[Stored records]
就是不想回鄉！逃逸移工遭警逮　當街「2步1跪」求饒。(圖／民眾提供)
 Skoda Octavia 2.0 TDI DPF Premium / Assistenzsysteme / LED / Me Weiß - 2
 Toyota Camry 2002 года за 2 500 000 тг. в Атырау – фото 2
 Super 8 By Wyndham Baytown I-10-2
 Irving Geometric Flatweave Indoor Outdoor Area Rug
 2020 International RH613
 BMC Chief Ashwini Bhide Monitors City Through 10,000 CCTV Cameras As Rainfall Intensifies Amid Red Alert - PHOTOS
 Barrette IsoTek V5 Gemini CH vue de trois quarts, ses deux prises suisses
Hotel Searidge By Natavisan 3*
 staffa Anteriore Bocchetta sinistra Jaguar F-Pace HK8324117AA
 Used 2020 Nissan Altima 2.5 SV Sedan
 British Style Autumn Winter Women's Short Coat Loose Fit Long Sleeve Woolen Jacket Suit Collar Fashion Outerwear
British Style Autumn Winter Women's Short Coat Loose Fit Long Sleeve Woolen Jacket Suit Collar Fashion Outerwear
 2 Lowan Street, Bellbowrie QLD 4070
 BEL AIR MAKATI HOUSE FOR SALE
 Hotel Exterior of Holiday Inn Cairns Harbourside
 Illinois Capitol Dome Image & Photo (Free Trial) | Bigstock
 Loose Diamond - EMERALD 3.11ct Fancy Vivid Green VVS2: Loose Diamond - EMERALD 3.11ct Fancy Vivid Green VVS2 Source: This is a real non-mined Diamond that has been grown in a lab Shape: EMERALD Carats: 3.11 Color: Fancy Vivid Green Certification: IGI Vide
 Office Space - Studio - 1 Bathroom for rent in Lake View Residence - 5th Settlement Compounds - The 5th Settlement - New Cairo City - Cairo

* EXERCISE OBJECTIVE *
Where a line of the data contains "Short", include it in the tally, and answer with the tally alone.

* RESPONSE TO THE TASK *
2